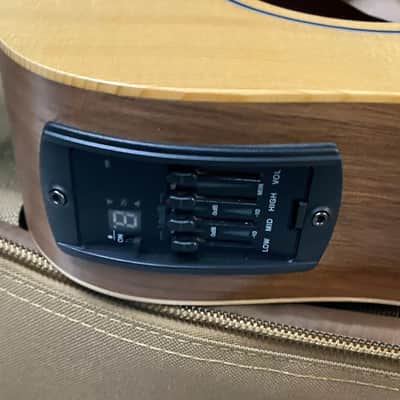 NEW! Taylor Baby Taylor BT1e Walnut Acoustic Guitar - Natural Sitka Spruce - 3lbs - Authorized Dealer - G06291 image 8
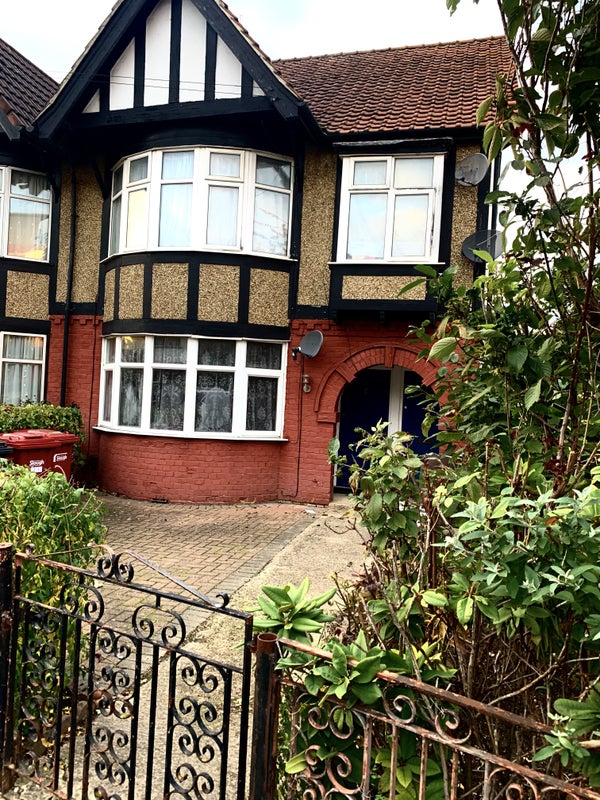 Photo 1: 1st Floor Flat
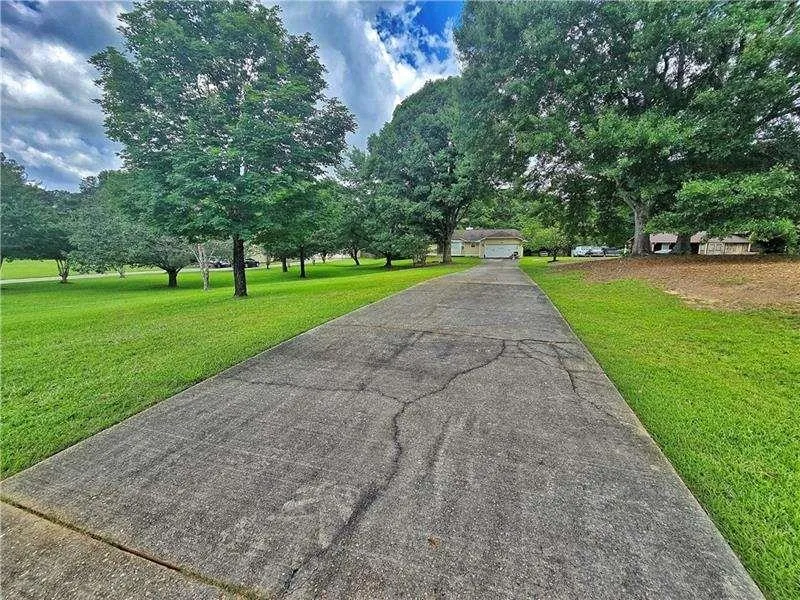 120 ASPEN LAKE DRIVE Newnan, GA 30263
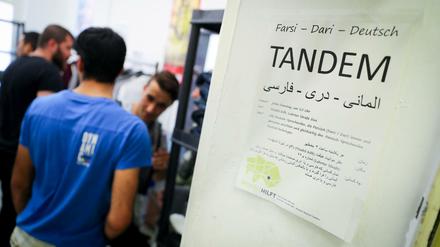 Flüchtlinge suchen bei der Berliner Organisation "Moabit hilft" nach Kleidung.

——————————

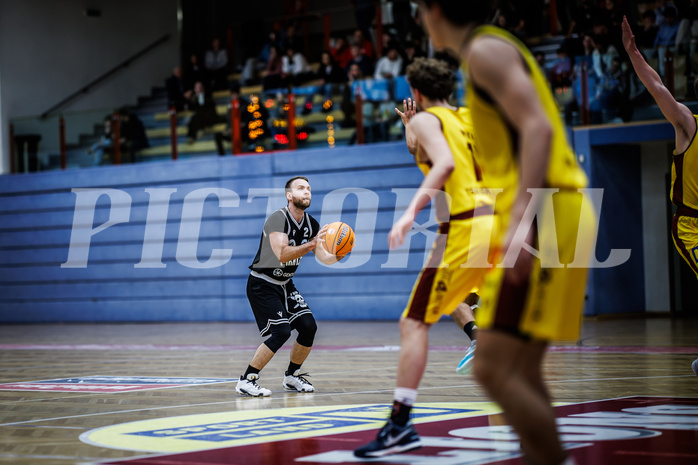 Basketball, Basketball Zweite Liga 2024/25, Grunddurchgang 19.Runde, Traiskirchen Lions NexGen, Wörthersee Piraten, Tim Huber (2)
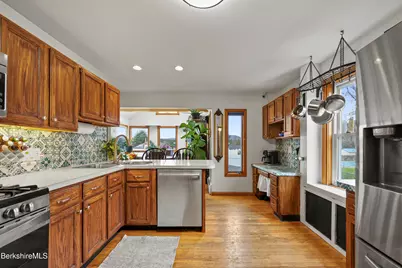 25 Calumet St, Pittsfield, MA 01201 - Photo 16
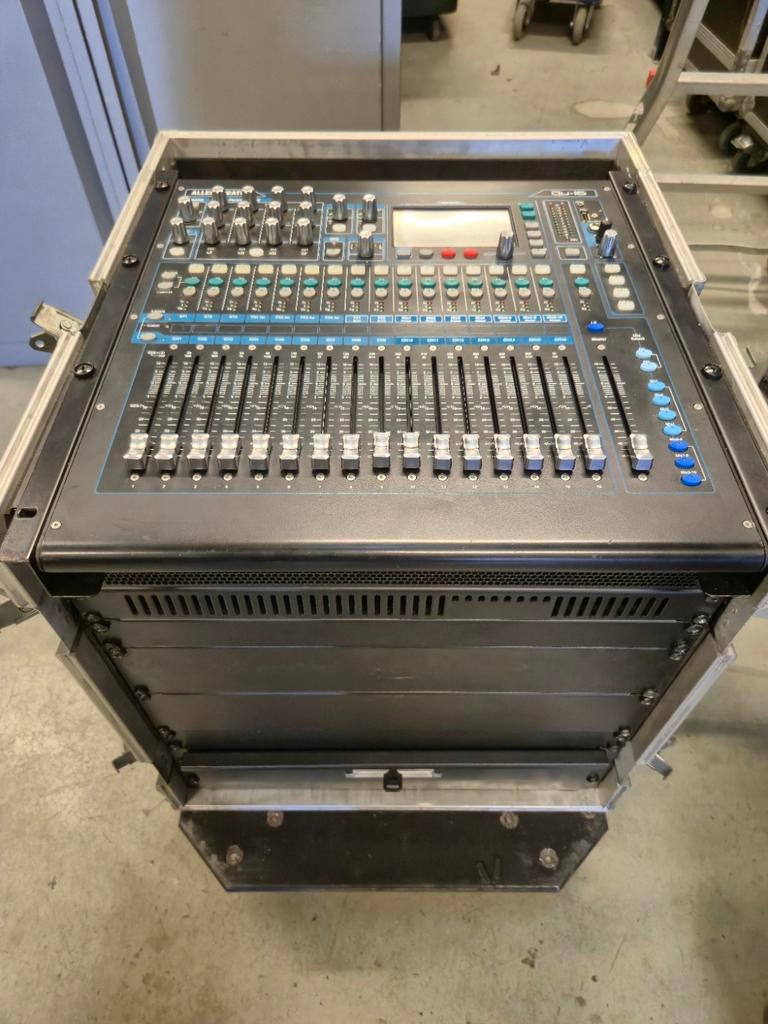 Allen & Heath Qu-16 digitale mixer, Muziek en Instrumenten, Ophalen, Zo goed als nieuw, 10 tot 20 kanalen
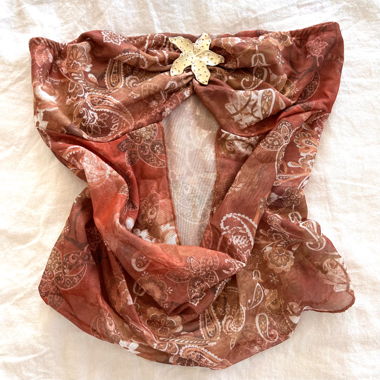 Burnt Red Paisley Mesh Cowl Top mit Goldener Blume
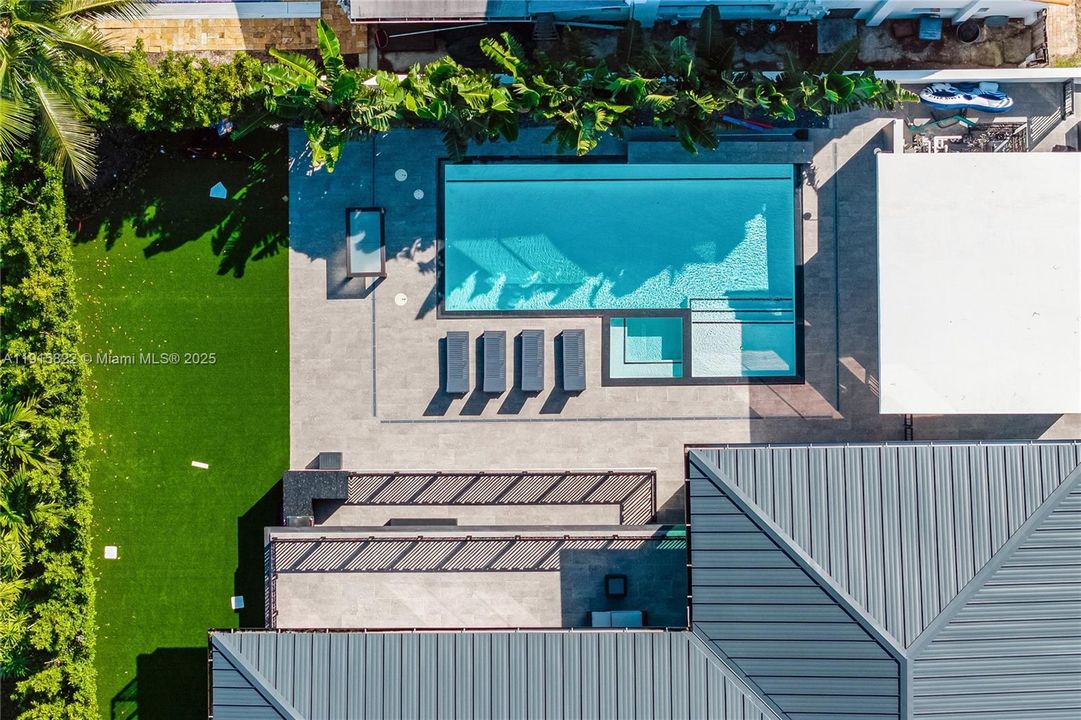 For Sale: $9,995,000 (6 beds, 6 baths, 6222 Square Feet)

——————————

Copy the entries above exactly, but only the stretch from the line containing "120 ASPEN LAKE DRIVE Newnan, GA 30263" through the line containing "Flüchtlinge suchen bei". Keep both end lines; drop the pictures.

 120 ASPEN LAKE DRIVE Newnan, GA 30263
 Flüchtlinge suchen bei der Berliner Organisation "Moabit hilft" nach Kleidung.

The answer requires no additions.